Seperti biasa, setiap kami tiba di suatu daerah, tradisi kami adalah mencari café yang ber – free Wifi untuk sekedar ngopi dan ber- Wifi gratisan heheheehe, maklum pelancong harus sebisa mungkin meminimalisir budget.
Setelah puas kami ber-Wifi an, kami melanjutkan perjalanan untuk mencari guest house. Kota Chiang Rai ini merupakan kota kecil yang nyaman, jalanannya luas dan tidak ramai oleh lalu lintas. Tidak berapa lama kami menemukan guest house yang letaknya di jalan kecil seharga 700 bht untuk kamar yang kami sewa dan kami pun terus rehat sejenak, karena kami berencana akan mengeksplorasi kota tsb malam nanti. Karena menurut informasi di kota ini tiap malam selalu ada “nait basal” (bahasa penduduk setempat) yang maksudnya Night Bazar atau sejenis pasar malam.
Sekitar pukul tujuh malam waktu setempat, kami mulai bergerak menyusuri jalanan kota Chiang Rai yang asri menuju Night Bazar yang berlokasi di sekitar terminal. Tidak berapa lama kami tiba di Night Bazar, di situ banyak sekali barang dagangan dijajakan dari mulai makanan, pakaian sampai barang barang souvenir. Selain itu ada juga pengamen jalanan yang menampilkan keahliannya dalam memainkan alat music biola. Semarak sekali suasana di tempat itu.
Setelah puas kami mengelilingi tempat itu, kemudian kami kembali menyusuri jalanan menuju “Clock Tower”, sebuah menumen yang menjadi icon kota Chiang Rai. Tugu yang berornamen khas Thailand yang di puncaknya terdapat jam yang besar. Di sekitar Clock Tower ini banyak bertebaran café dan kedai tempat para turis local maupun mancanegara berkumpul. Cuaca cerah malam, semakin menambah semarak suasana disekitar clock tower tersebut.

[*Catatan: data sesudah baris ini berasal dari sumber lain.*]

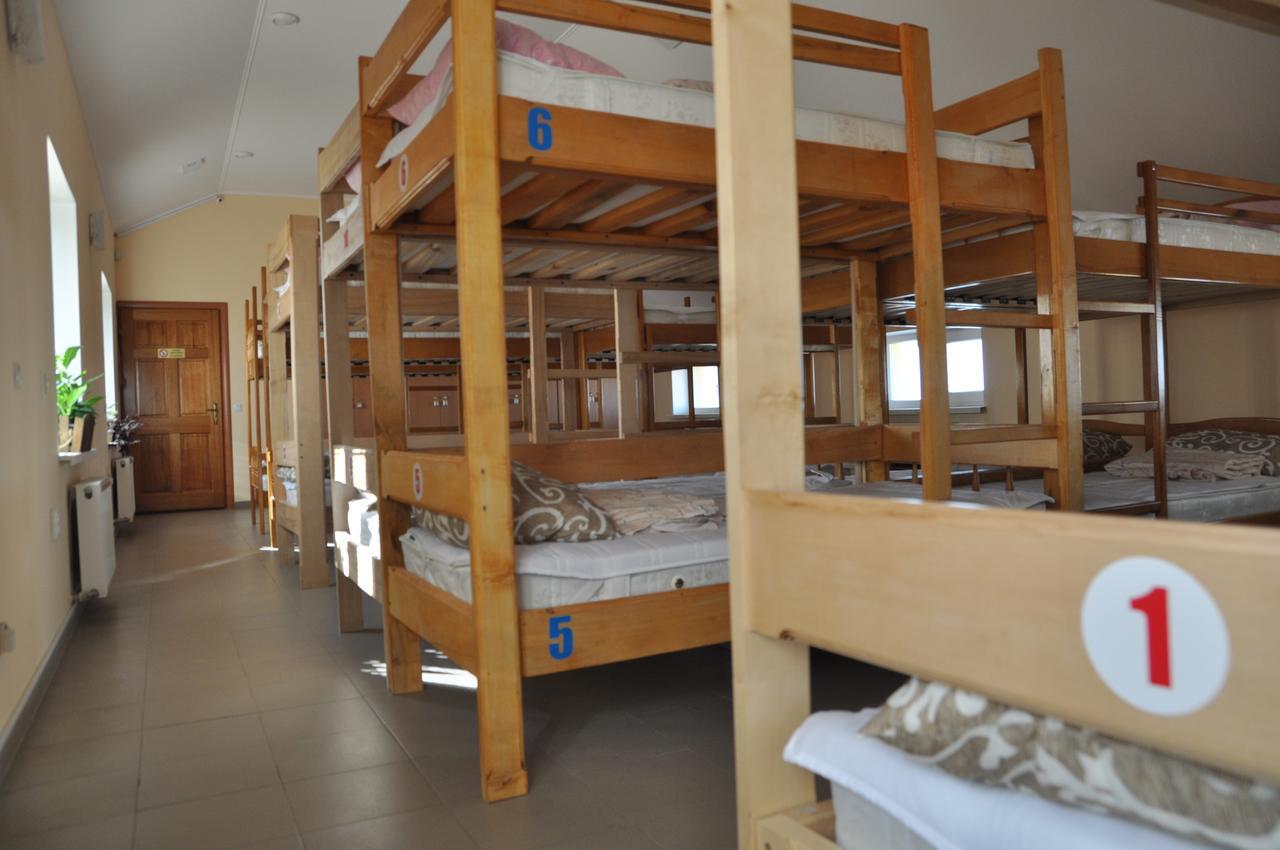 Hostel Stozhary Ternopil Exteriör bild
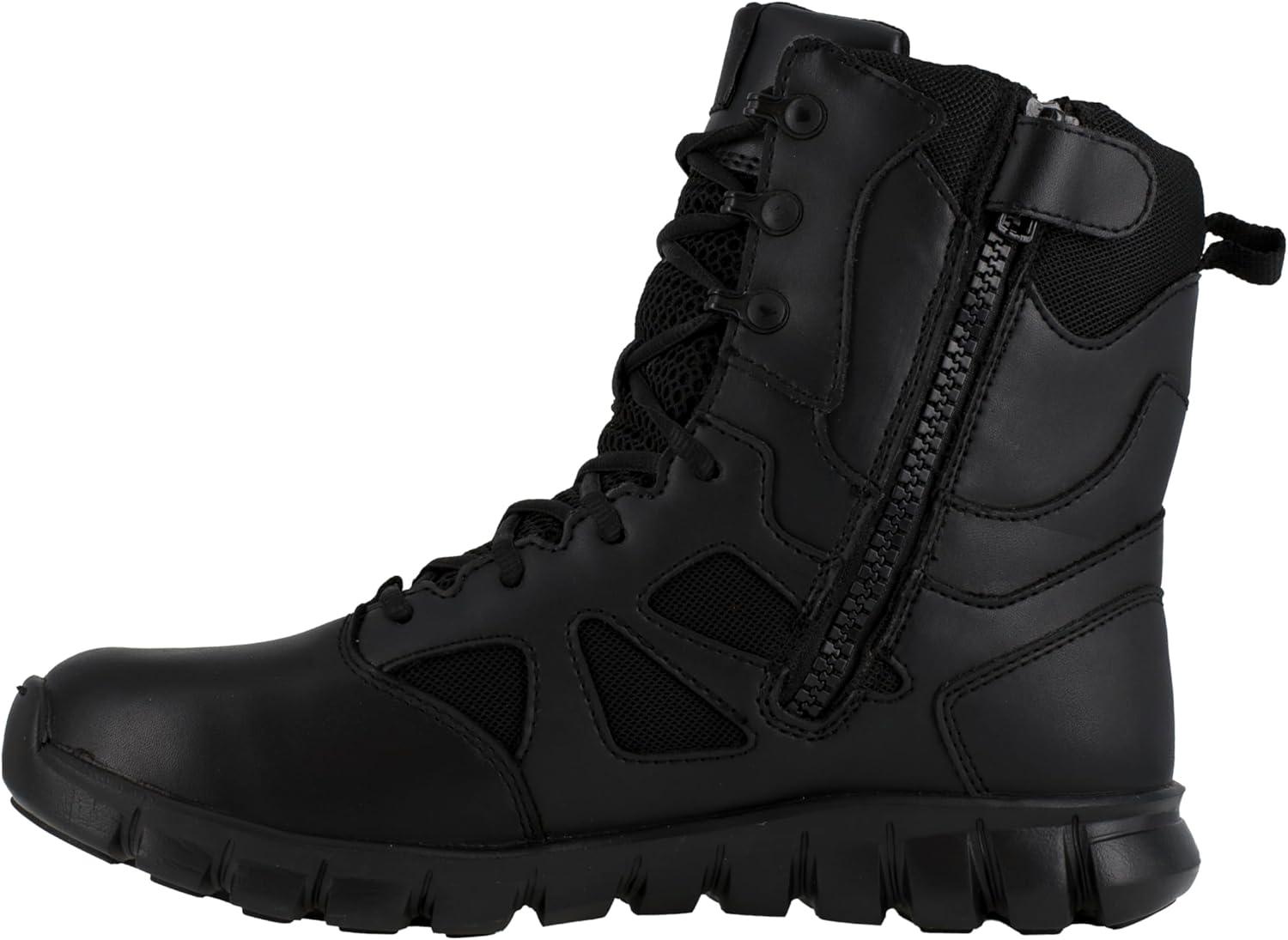imageReebok Work Sublite Cushion Tactical 8quot WP Womens BootBlack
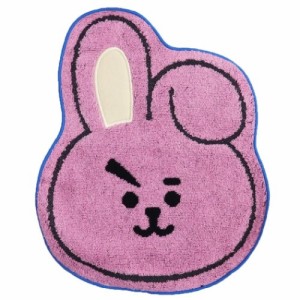 BT21 ハンカチタオル 制菌 ダイカット ミニタオル COOKY LINE FRIENDS キャラクター 商品 メール便可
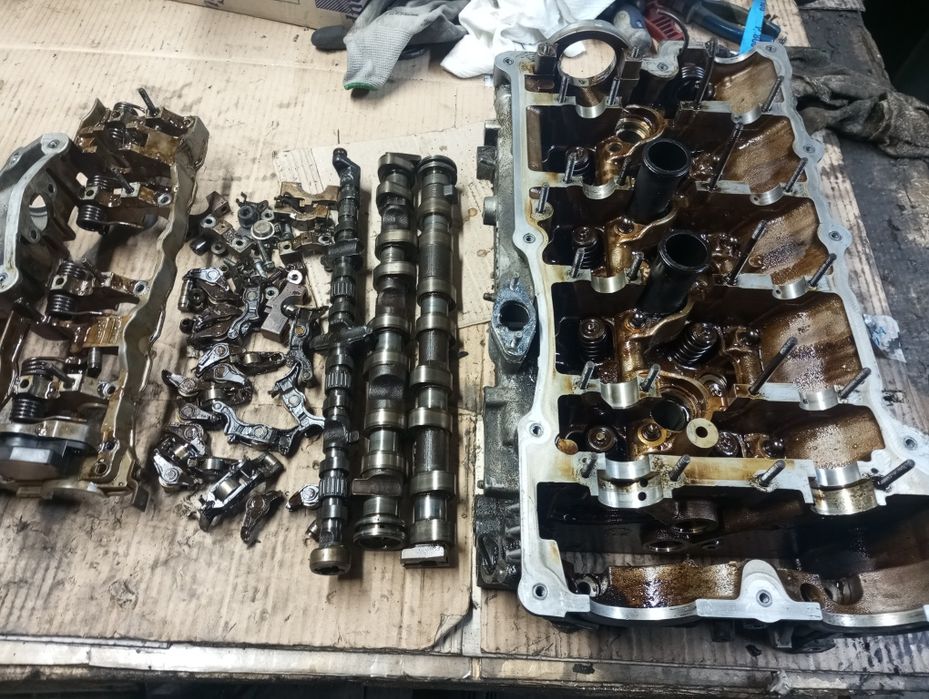 Гбц головка рокера коромисло N42B20 Bmw E46 E90 E91 e92 E87 E81 E82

Sekitar pukul 11 malam kami kembali ke guest house, kami berniat untuk beristirahat untuk memulihkan stamina dan mengumpulkan energy, karena besoknya kami harus kembali melanjutkan perjalanan. Agenda kami selanjutnya adalah menyebrang ke perbatasan Thailand-Laos menggunakan bus dan berniat singgah di kota Luang Namtha (Laos).
Esok paginya kami sudah mulai berkemas dan bersiap untuk check out untuk kemudian berangkat menuju terminal. Sekitar pukul 09.30 AM kami sudah berada di dalam bus menuju kota perbatasan Thailand, Chiang Kong. Penumpang di dalam bus selain masyarakat local juga ada turis turis asing yang rupanya punya tujuan sama, menyebrang ke Laos.
Dua jam berlalu, hingga akhirnya kami tiba di sebuah halte di pinggiran sungai Mekong. Saat turun dari bus kami langsung dikerubuti supir tuk tuk atau sejenis beca bermotor. Mereka menawarkan untuk mengantarkan kami menuju pos perbatasan, rupanya memang tuk tuk ini adalah satu-satunya kendaraan yang mengantar para turis menuju border control atau pos imigrasi. Kemudian kami pun melaju menggunakan tuk tuk bersama dua orang turis asing.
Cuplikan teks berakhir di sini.